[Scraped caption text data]
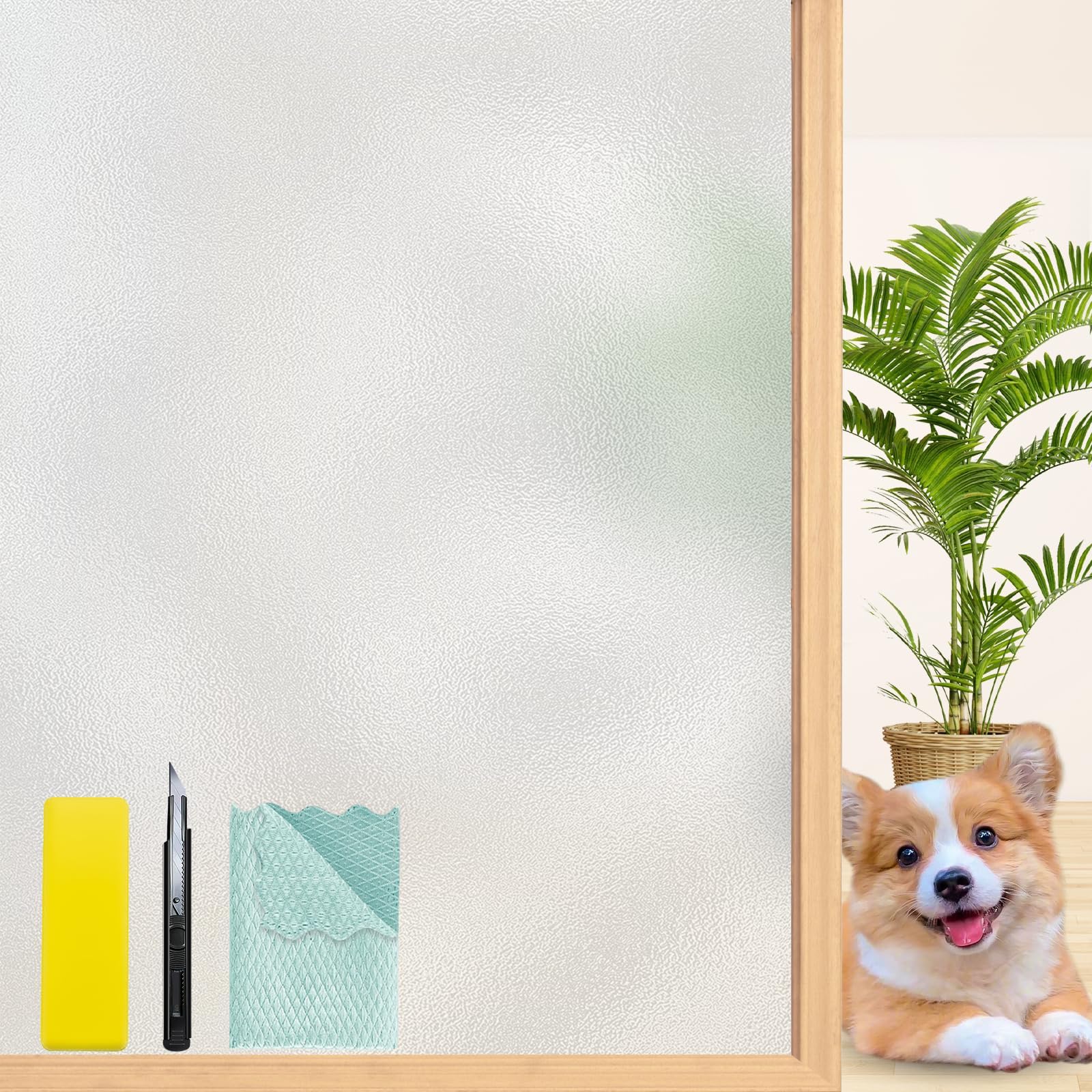 Niviy Frosted Glass Window Privacy Film with Free Installation Tools Static Cling Bathroom Window Frosting Film Day and Night Windows Cling Home Glass Door Cover, 17.5 inch x 78.7 inch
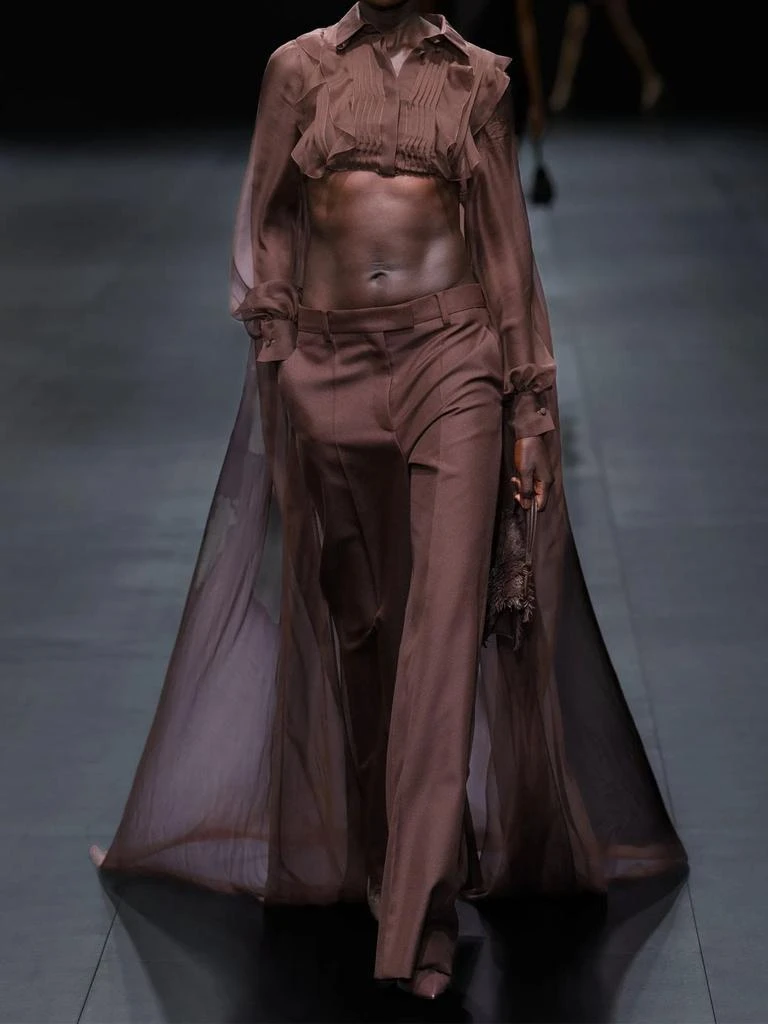 商品Valentino|Silk Chiffon Ruffled Plastron Top,价格¥13834,第3张图片详细描述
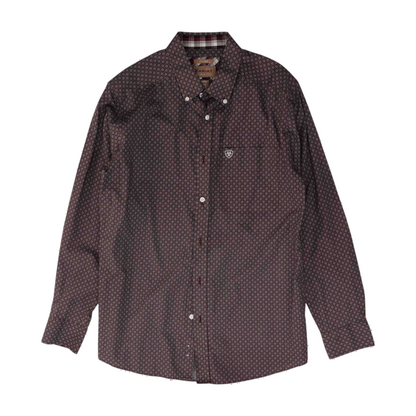 Brown Floral Long Sleeve Button Down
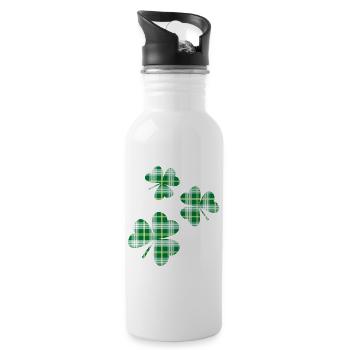 3 St. Patrick's Day Irish Tartan Kleeblätter - Trinkflasche mit integriertem Trinkhalm - Weiß - Rechts
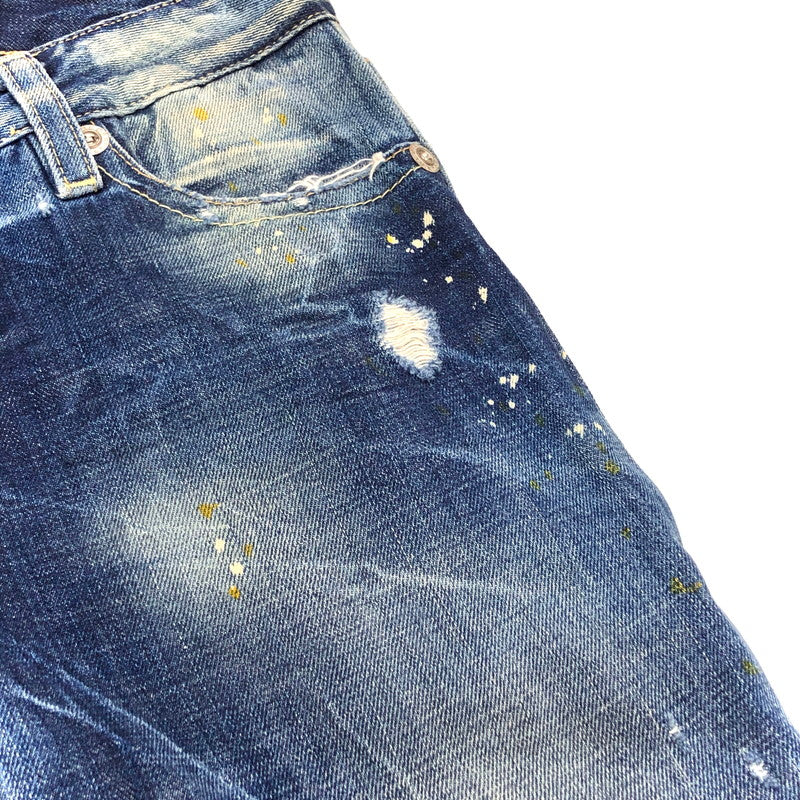 【現状渡し品】【レディース】 DSQUARED2 ディースクエアード Cropped Jeans デニムパンツ クロップド丈 ペイント ダメージ加工 ジーンズ ボトムス 152-241213-rs-04-fur サイズ：40 カラー：インディゴ 万代Net店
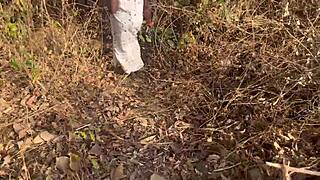 outside fucking this shy village girl with big ass in doggystyle sideways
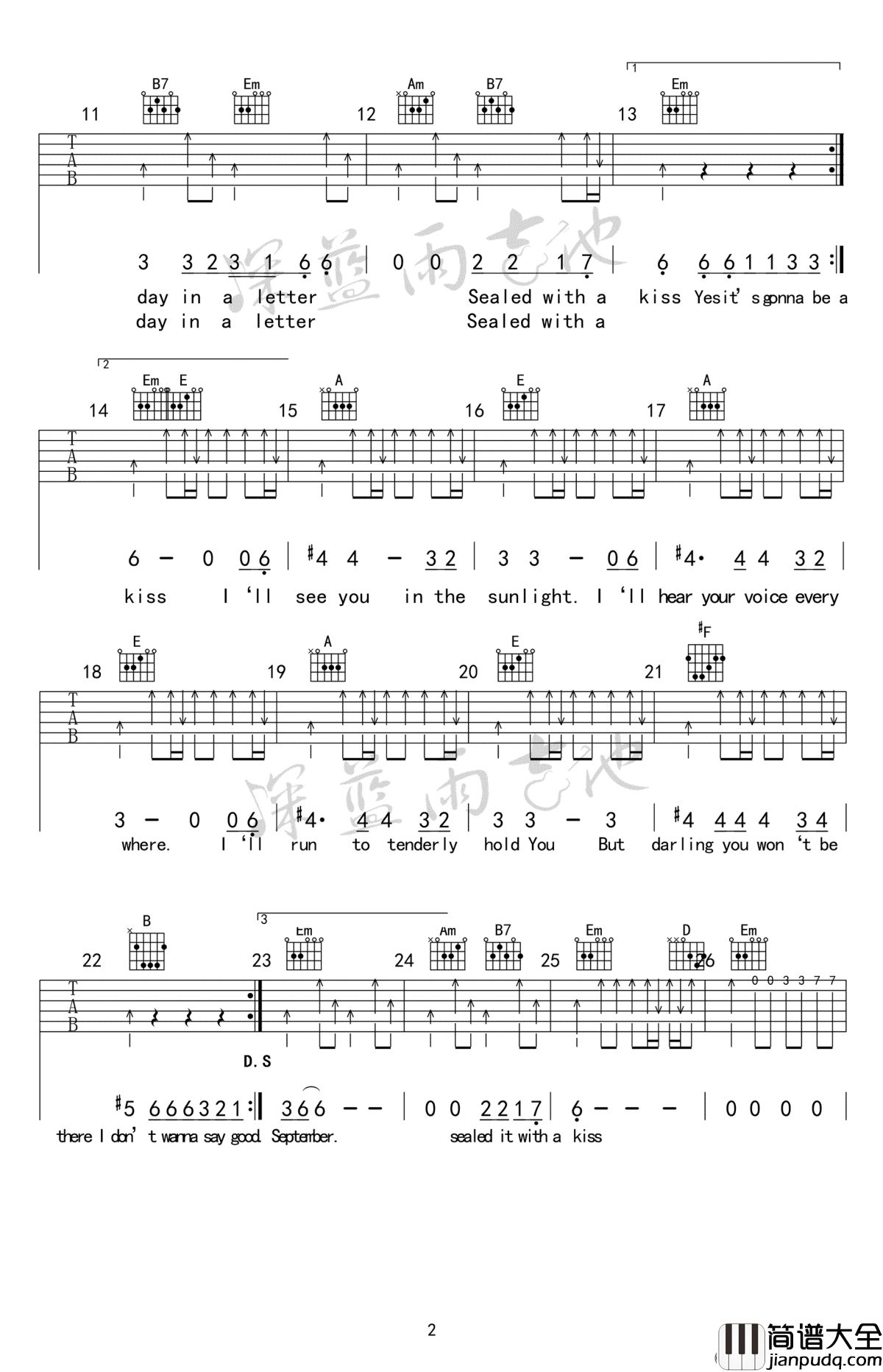 Sealed_With_A_Kiss吉他谱_以吻封缄_弹唱视频演示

## What is expected
The answer must consist of the line containing "3 St. Patrick's" and every line after it through the end of the records, retyped exactly, with all pictures left out.

## Reply
 3 St. Patrick's Day Irish Tartan Kleeblätter - Trinkflasche mit integriertem Trinkhalm - Weiß - Rechts
 【現状渡し品】【レディース】 DSQUARED2 ディースクエアード Cropped Jeans デニムパンツ クロップド丈 ペイント ダメージ加工 ジーンズ ボトムス 152-241213-rs-04-fur サイズ：40 カラー：インディゴ 万代Net店
 outside fucking this shy village girl with big ass in doggystyle sideways
 Sealed_With_A_Kiss吉他谱_以吻封缄_弹唱视频演示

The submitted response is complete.